▶ **AVAILABLE RECORDS**

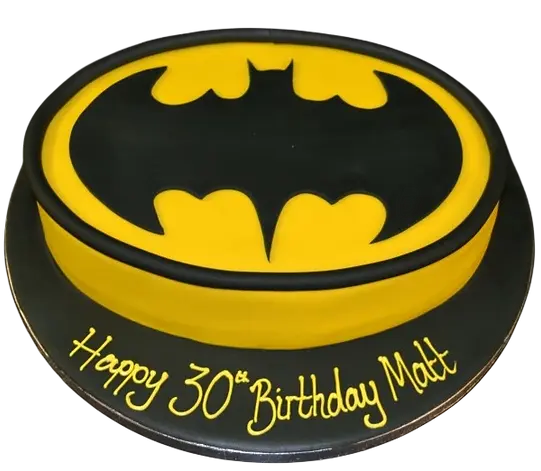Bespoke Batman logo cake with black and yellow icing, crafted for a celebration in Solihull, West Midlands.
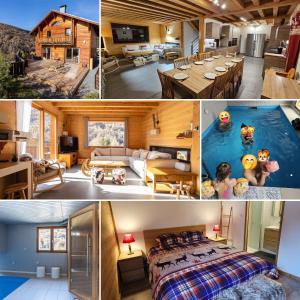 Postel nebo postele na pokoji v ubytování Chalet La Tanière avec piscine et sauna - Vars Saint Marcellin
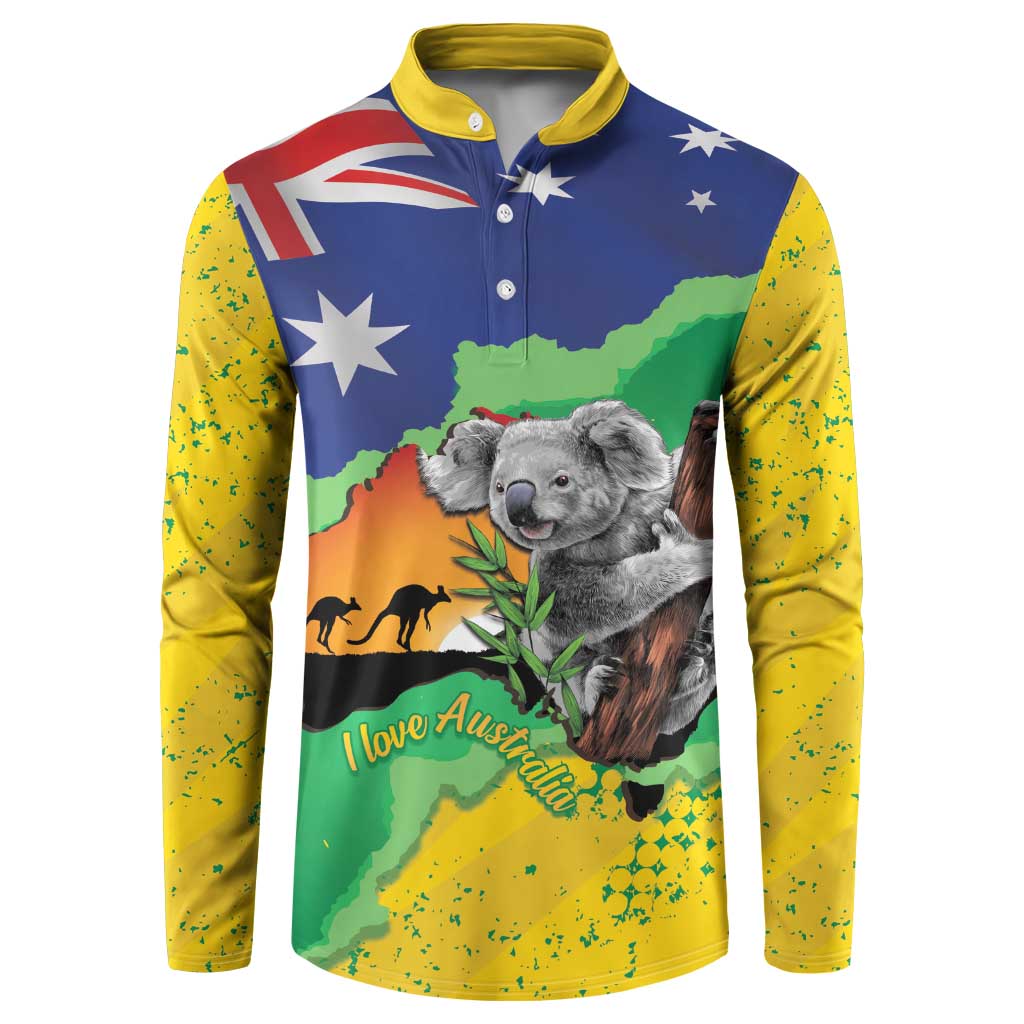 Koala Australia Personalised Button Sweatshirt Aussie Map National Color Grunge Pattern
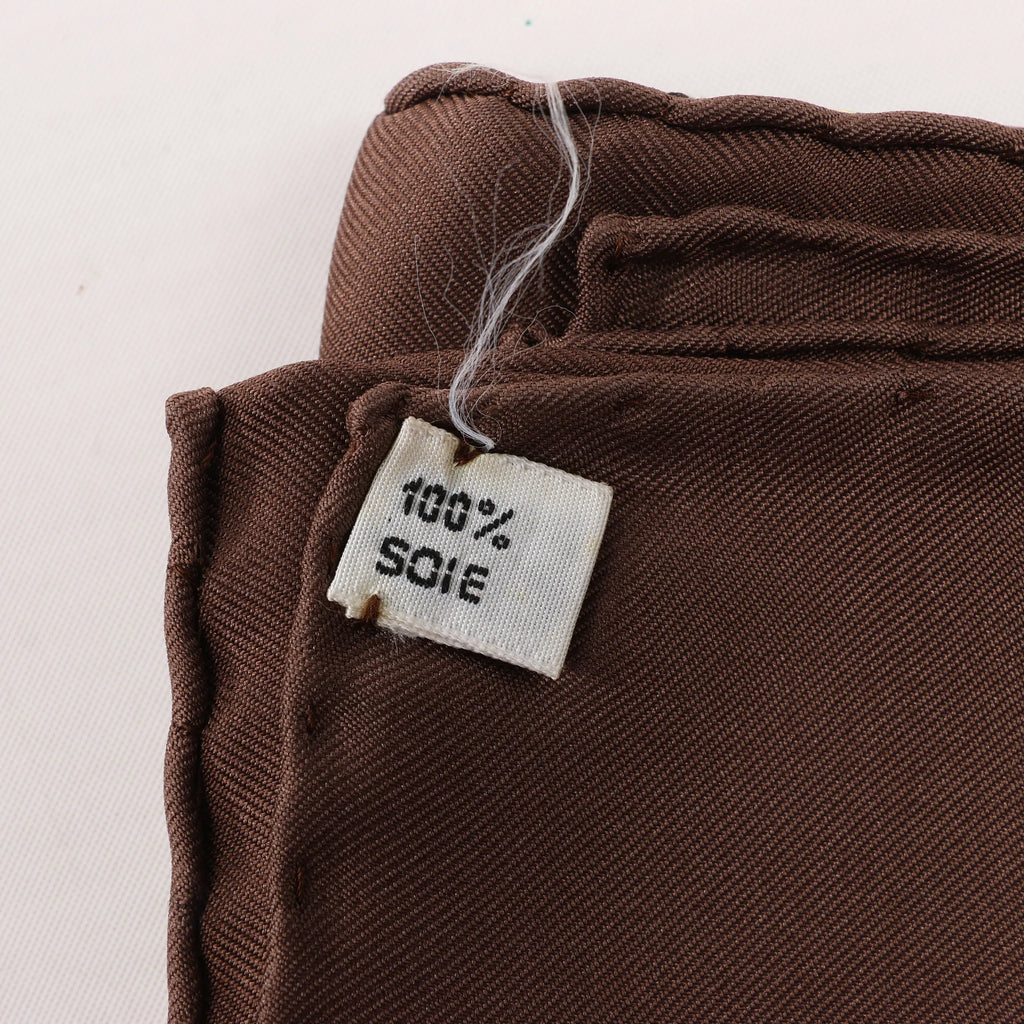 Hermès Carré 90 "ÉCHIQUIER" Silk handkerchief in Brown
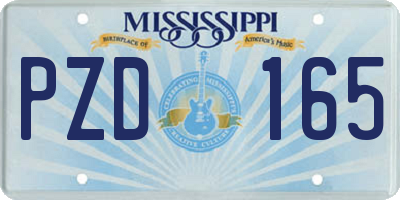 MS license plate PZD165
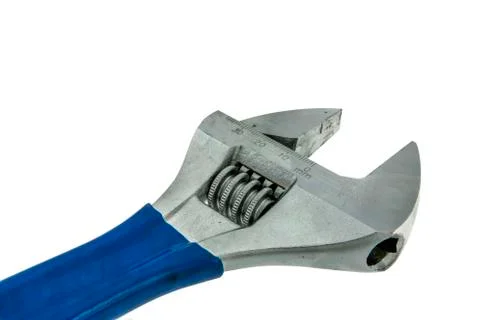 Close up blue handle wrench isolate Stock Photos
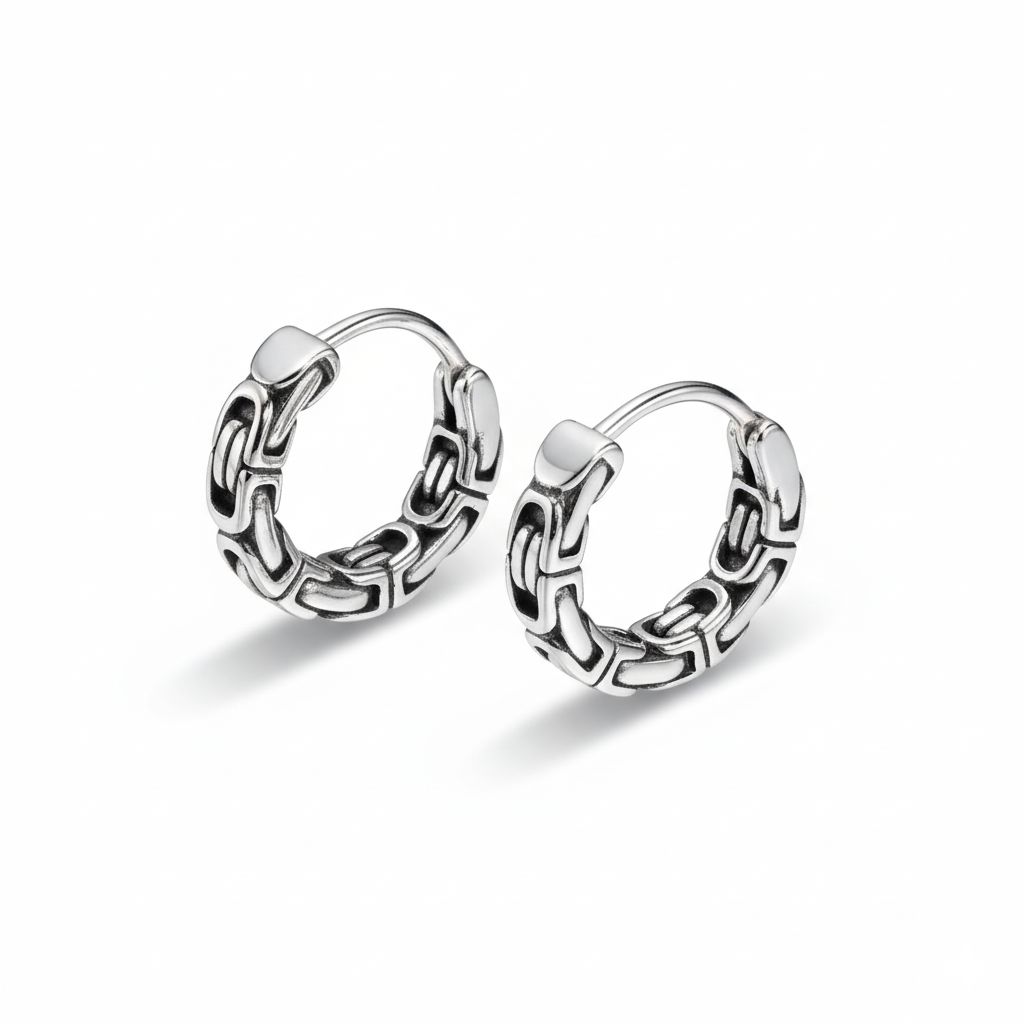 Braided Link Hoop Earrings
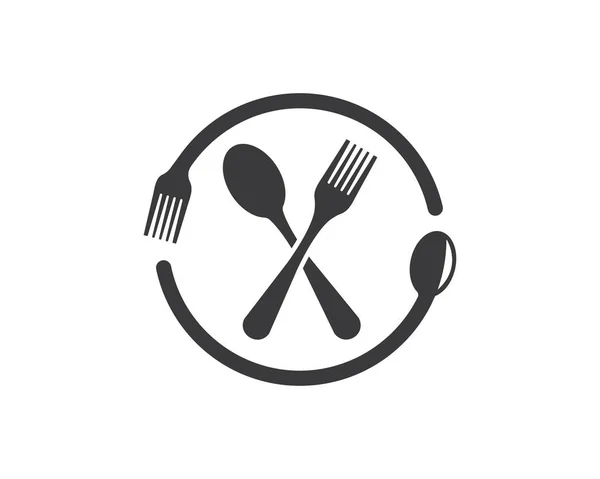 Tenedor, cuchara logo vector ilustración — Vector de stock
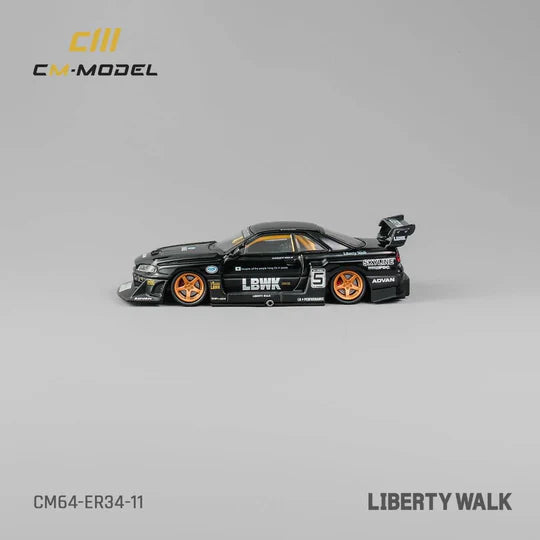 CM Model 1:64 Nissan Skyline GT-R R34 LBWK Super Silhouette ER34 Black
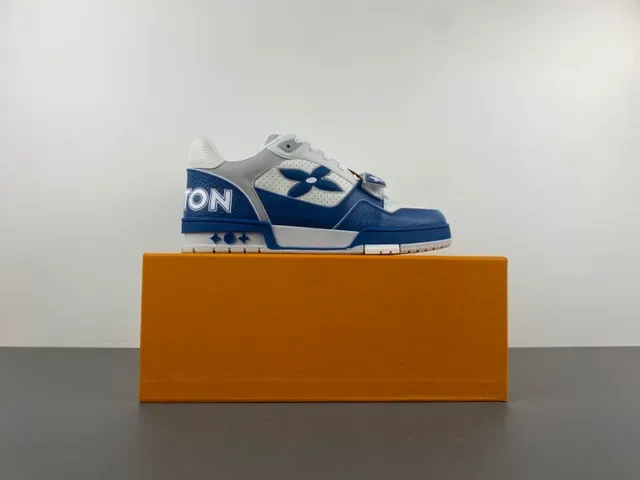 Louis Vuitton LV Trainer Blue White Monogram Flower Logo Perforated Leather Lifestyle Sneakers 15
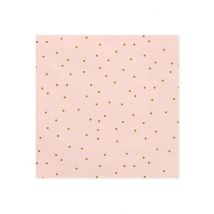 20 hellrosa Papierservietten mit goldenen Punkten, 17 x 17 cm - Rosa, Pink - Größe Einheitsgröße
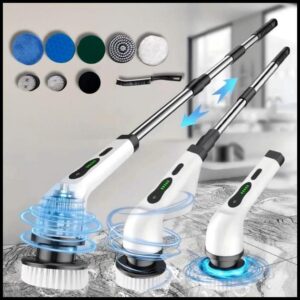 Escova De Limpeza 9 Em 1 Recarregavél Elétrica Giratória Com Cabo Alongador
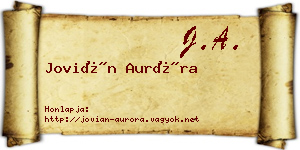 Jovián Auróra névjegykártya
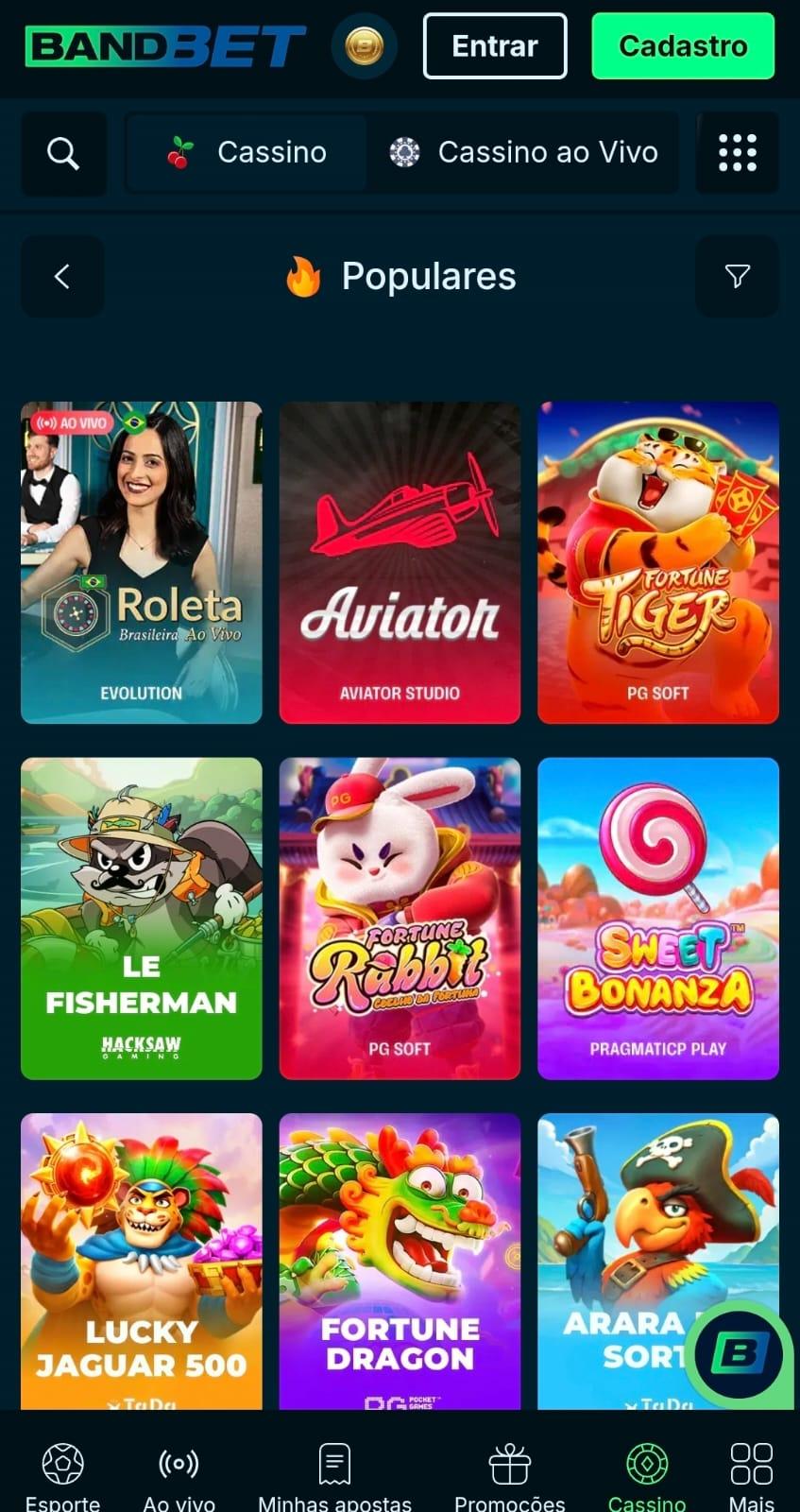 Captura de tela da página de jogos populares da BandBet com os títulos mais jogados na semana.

▶ **PROMPT**
Could you reproduce exactly the lines from the first line of the listing through the line containing "MS license plate PZD165", both included, with pictures left out?

▶ **ANSWER TO THIS TASK**
Bespoke Batman logo cake with black and yellow icing, crafted for a celebration in Solihull, West Midlands.
 Postel nebo postele na pokoji v ubytování Chalet La Tanière avec piscine et sauna - Vars Saint Marcellin
 Koala Australia Personalised Button Sweatshirt Aussie Map National Color Grunge Pattern
 Hermès Carré 90 "ÉCHIQUIER" Silk handkerchief in Brown
 MS license plate PZD165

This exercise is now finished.